→ **Work order**: The data below should be restated word for word, pictures omitted.

→ **Data**:
........
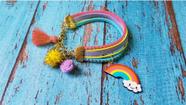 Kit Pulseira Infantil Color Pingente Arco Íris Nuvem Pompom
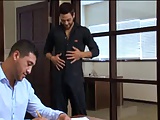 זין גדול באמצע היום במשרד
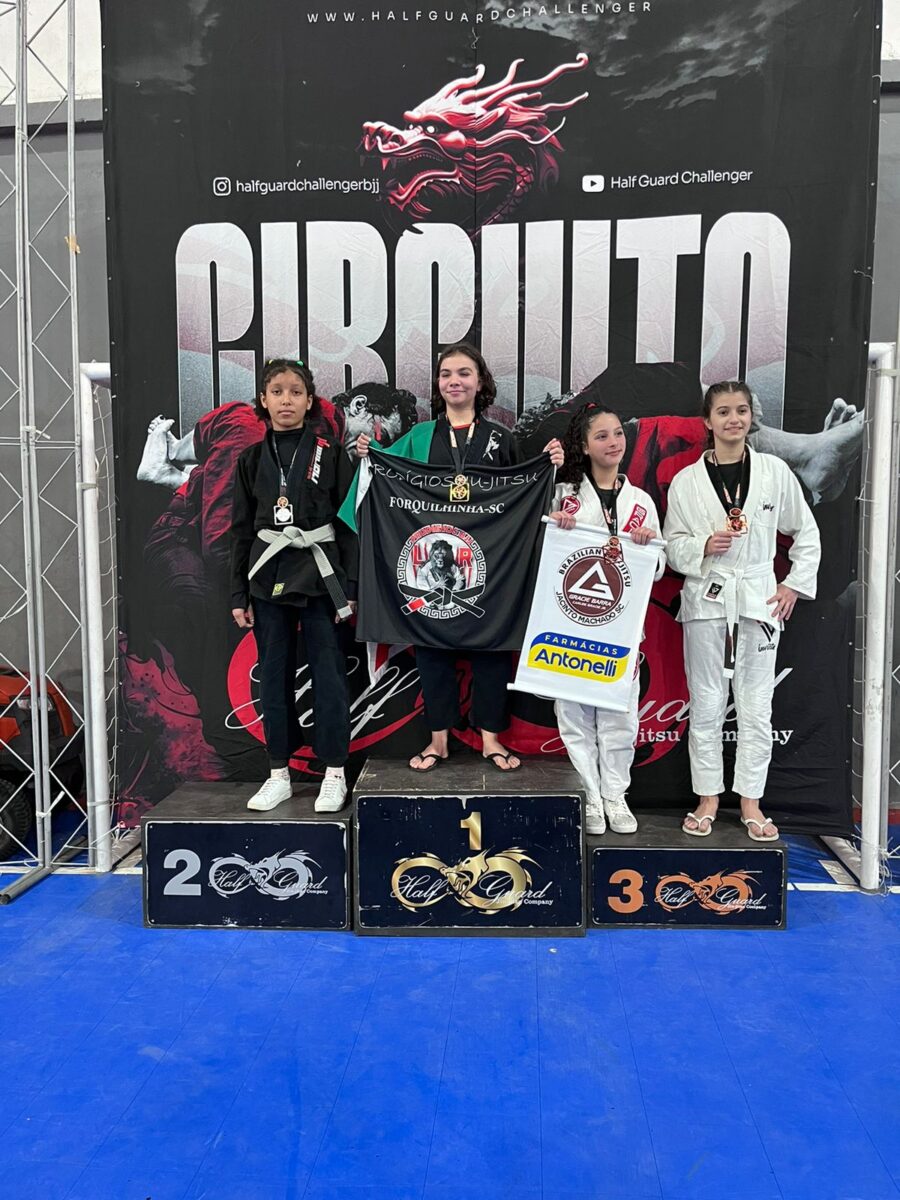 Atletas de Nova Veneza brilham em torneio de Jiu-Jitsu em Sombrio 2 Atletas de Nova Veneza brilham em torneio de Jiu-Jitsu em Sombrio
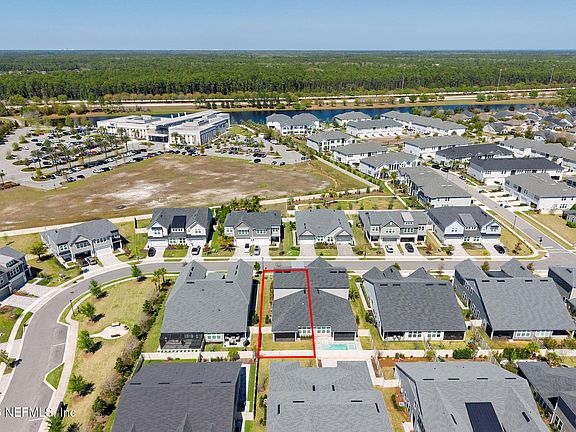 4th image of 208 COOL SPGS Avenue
........
→ **Output for this exercise**:
 Kit Pulseira Infantil Color Pingente Arco Íris Nuvem Pompom
 זין גדול באמצע היום במשרד
 Atletas de Nova Veneza brilham em torneio de Jiu-Jitsu em Sombrio 2 Atletas de Nova Veneza brilham em torneio de Jiu-Jitsu em Sombrio
 4th image of 208 COOL SPGS Avenue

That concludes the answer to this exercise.